* _Web page caption snippets_:
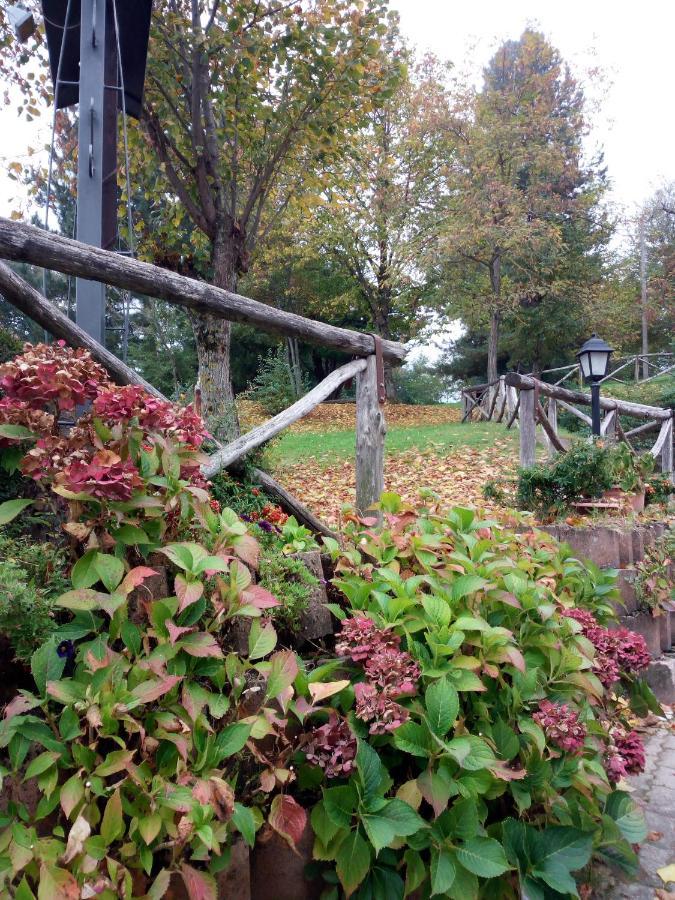 Il Castagno Bed & Breakfast Montemonaco Bagian luar foto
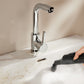 N20 Steam Portable Multi Use Cleaner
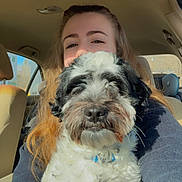 Brody joined the competition — help win amazing prizes! black_and_white, car_interior, casual, close_up, collar, curly_fur, dog, face, hair, happy, human, indoor, person, pet, portrait, seat, seat_belt, smiling, sunlight, window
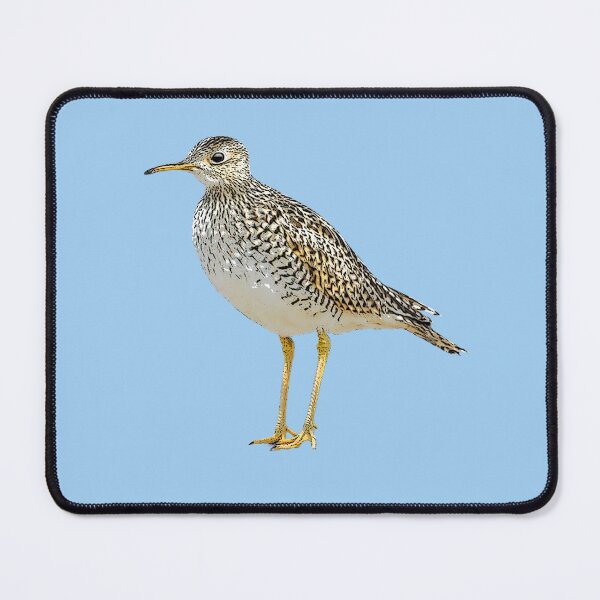Item preview, Upland Sandpiper Color Design designed and sold by designsasstultd.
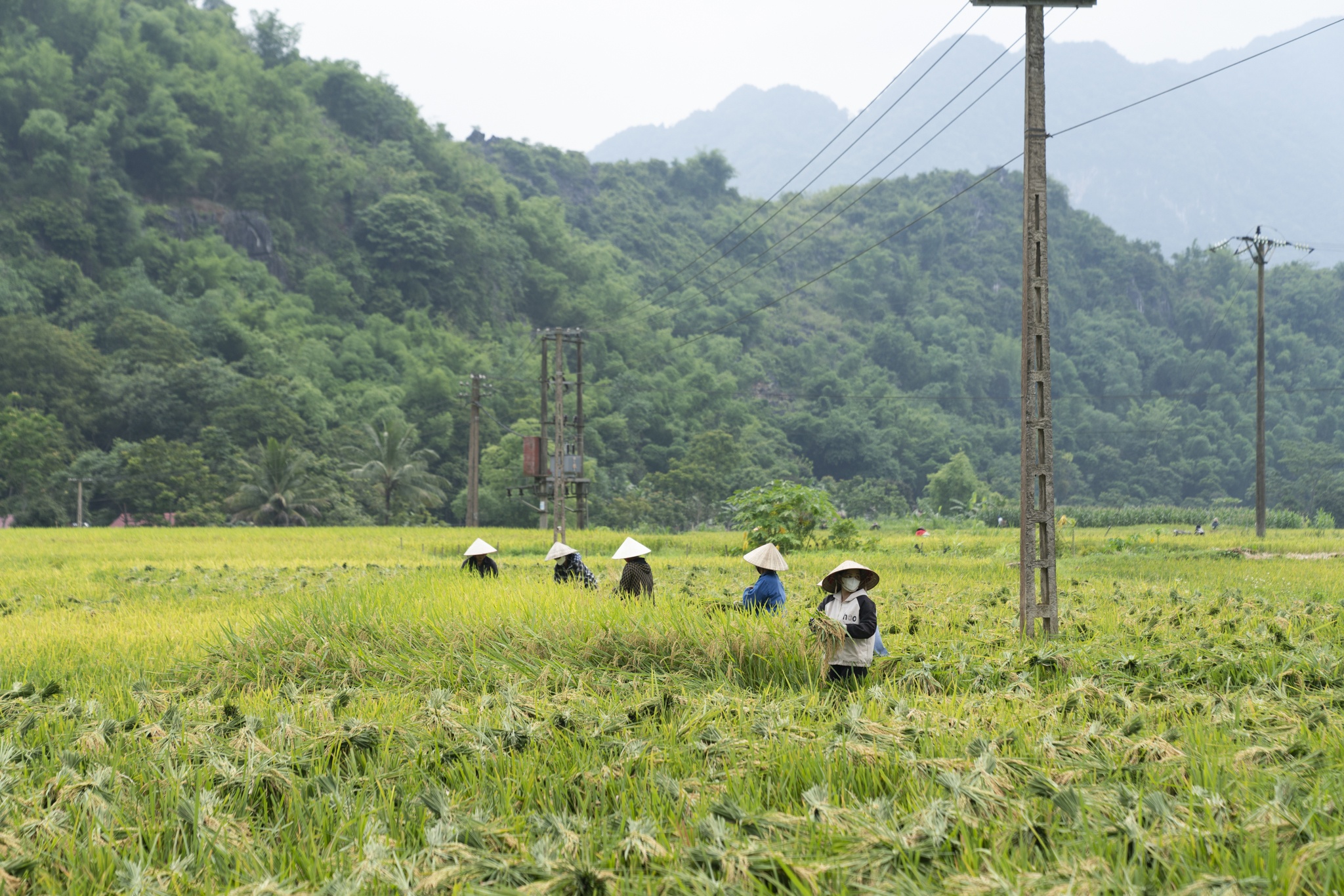 Pu Luong Thanh Hoa anh 6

* _REQUIREMENT_:
Transcribe the records above exactly, omitting every picture they contain.

* _REPLY_:
 Il Castagno Bed & Breakfast Montemonaco Bagian luar foto
 N20 Steam Portable Multi Use Cleaner
 Brody joined the competition — help win amazing prizes! black_and_white, car_interior, casual, close_up, collar, curly_fur, dog, face, hair, happy, human, indoor, person, pet, portrait, seat, seat_belt, smiling, sunlight, window
Item preview, Upland Sandpiper Color Design designed and sold by designsasstultd.
 Pu Luong Thanh Hoa anh 6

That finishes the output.